The mere existence of the Wabash Stories site underlines the esteem in which stories are held in the Wabash community. Bruce Gras ’68, Greg Castanias ’87, and others met at the Scarlet Inn last spring to find a way to support Wabash students in a difficult year, and the first thing that came to mind: a grassroots effort to collect stories!
Yet even at a College whose fight song includes the line “we love to sit as the shadows flit and praise her in song and story,” some of the most important tales remain untold. That’s where you come in.
Whether you have a reminiscence from your student days at Wabash, an anecdote or lesson from the years since, or even a tale from your childhood that bears new meaning with the passing of time, consider this edition of WM your official invitation to tell it.
If you’re a member of the Wabash community—a Wabash man, a Wabash faculty or staff member, a Wabash parent or friend of the College—your stories are Wabash stories.

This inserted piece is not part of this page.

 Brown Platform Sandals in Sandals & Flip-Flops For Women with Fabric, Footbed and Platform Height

They may be serious. They may be hilarious. They may be about inspiring successes or illuminating failures. They may be about you, or your mentors, or even your kids. They may be “tales told out of school” of the sort alumni tell me, “You don’t really want to hear this one.”
Yes, we do.
This is not a marketing effort, a way to project the image of the College to entice students or donors.

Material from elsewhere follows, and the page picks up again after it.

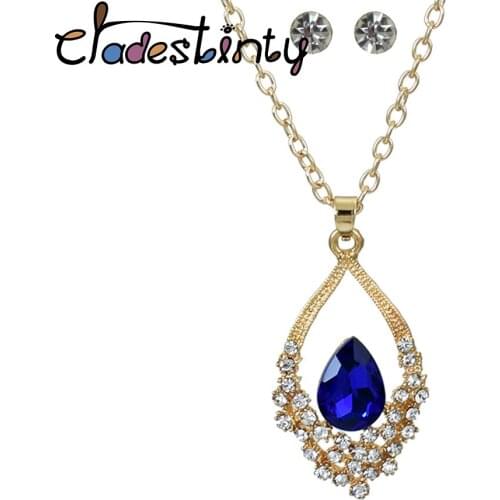 Chadestinty Gold Color Crystal Water Drop Necklace Stud Earrings Set Bridal Party Jewellery Sets For Women Bridemaid bijoux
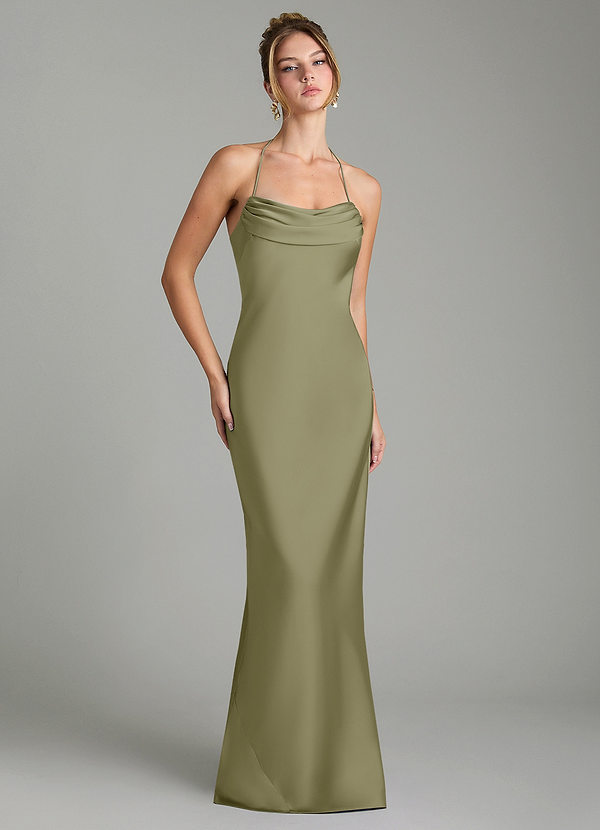 Azazie Mae Brautjungfernkleider Meerjungfrau-Linie Plissee Stretch-Satin Kleid Pistazie image1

This is our history, assembled one person at a time.
The Wabash Stories Web site, the Scarlet Yarns video project, Wabash Magazine—one of them is just the place for your story. There have never been so many ways to tell them, nor so large an audience waiting to hear them.
President Byron Trippet once famously wrote, “The poetry in the life of a college like Wabash is to be found in its history.”
You carry the words to that poem, whether yours is a sonnet, haiku, or a limerick.
We need you to finish the verse.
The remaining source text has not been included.